# WHAT TO PRODUCE:
Only the lines from the one with "Bag (Aztec Cow-Black)" through the last line of the data below are to be duplicated, exactly and without pictures.
────────
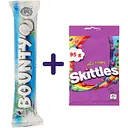 Набір: Батончик Bounty у молочному шоколаді 57 г (597388) + драже Skittles Bag Дикi ягоди 95 г (837370)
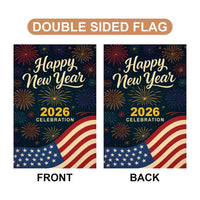 Happy New Year 2026 Garden Flag, New Year’s Eve Yard Flag, Holiday Welcome New Year Fence Front Porch Yard Decorations, Eve Party Decor Flag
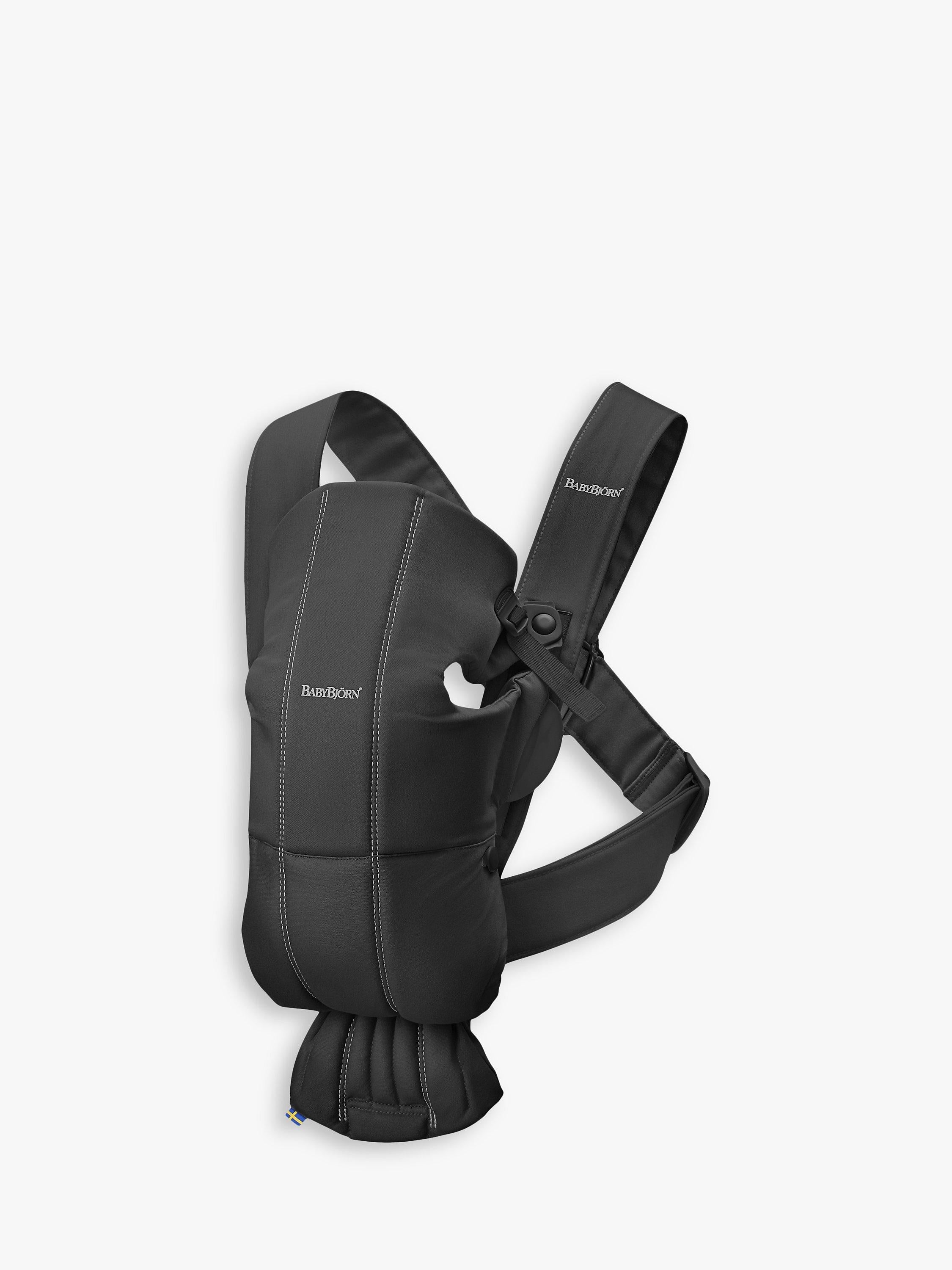BabyBjörn woven mini baby carrier in black for newborns - British product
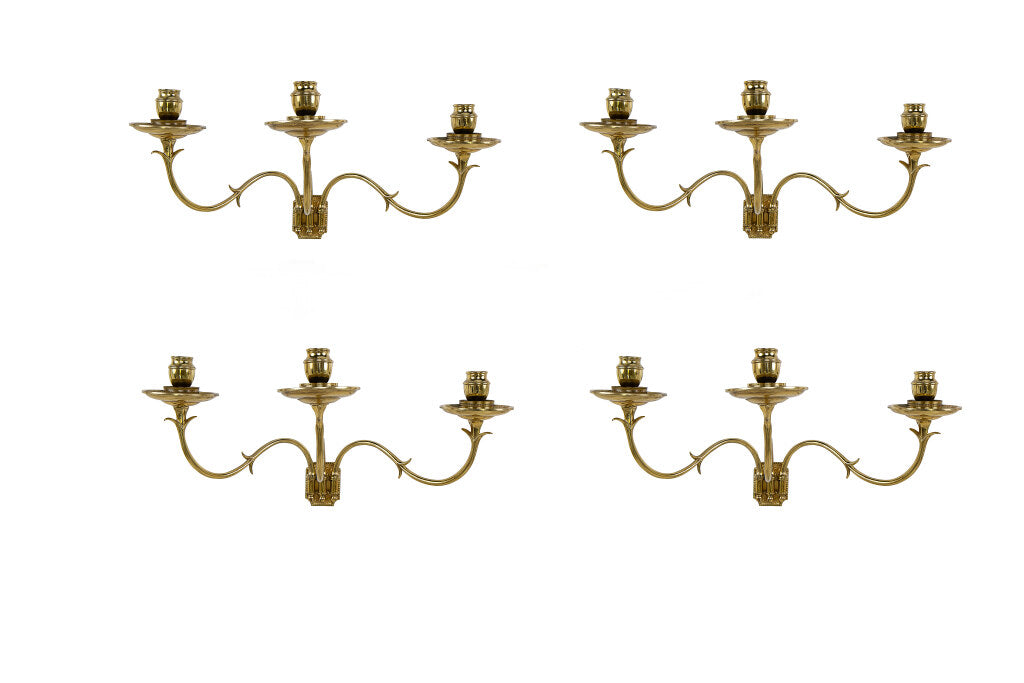 Brass Set Of Four Swing Arm Three Light  Sconces, England Mid 19 Default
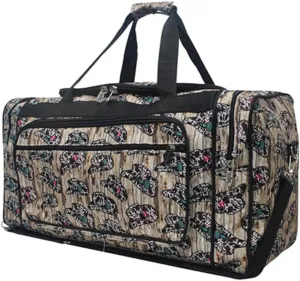NGIL Canvas 23" inch Duffle Bag (Aztec Cow-Black)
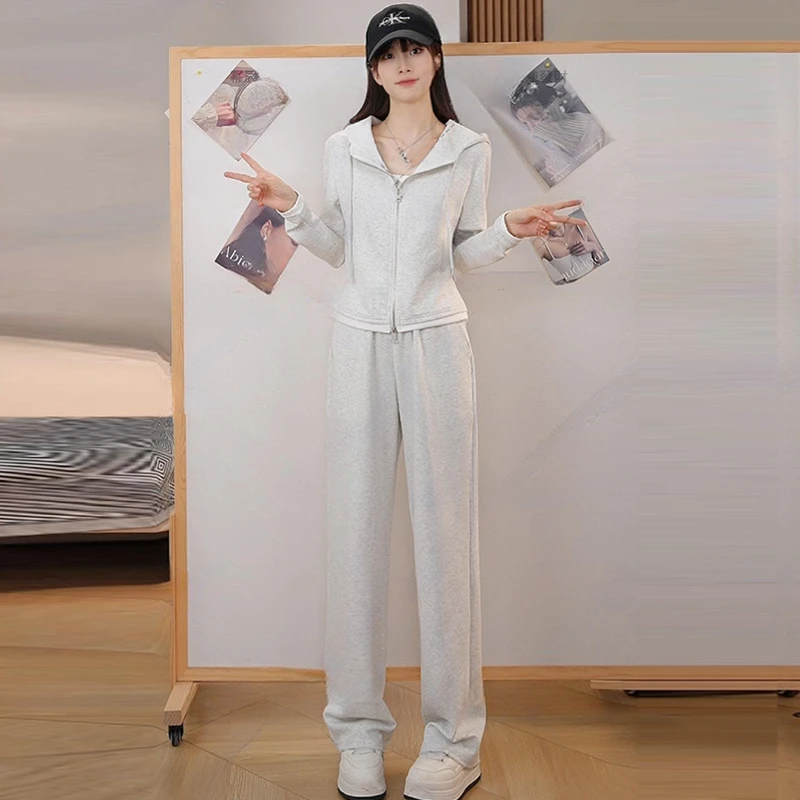 韩版慵懒风时尚运动服套装女2025年春季新款连帽外套阔腿裤两件套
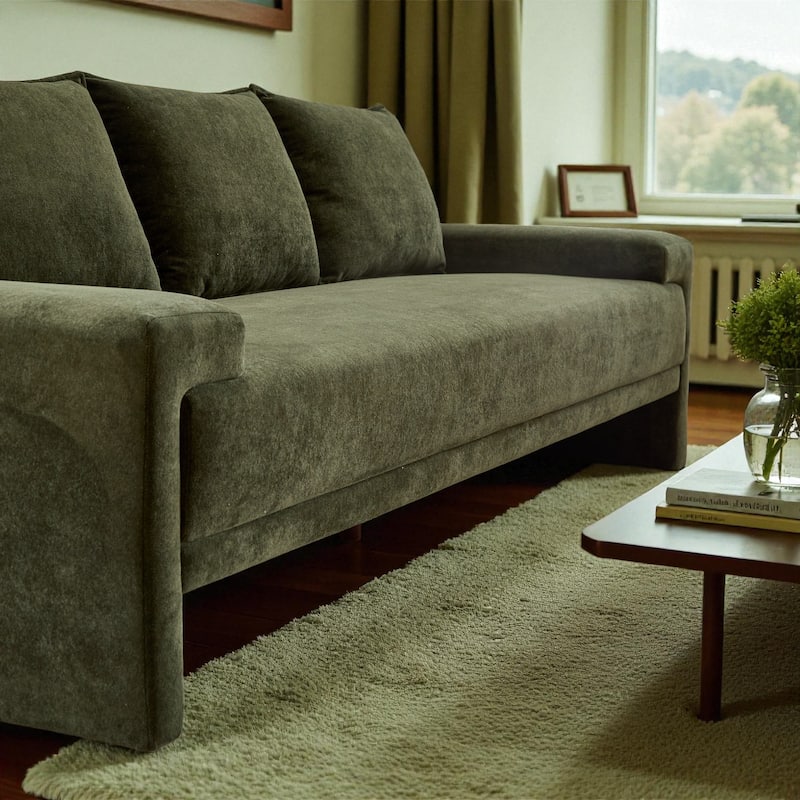 84.5" Modern Velvet Upholstered Sofa, 3-Seater Couch with Durable Wooden Frame for Living Room & Apartments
────────
# TASK ANSWER:
NGIL Canvas 23" inch Duffle Bag (Aztec Cow-Black)
 韩版慵懒风时尚运动服套装女2025年春季新款连帽外套阔腿裤两件套
 84.5" Modern Velvet Upholstered Sofa, 3-Seater Couch with Durable Wooden Frame for Living Room & Apartments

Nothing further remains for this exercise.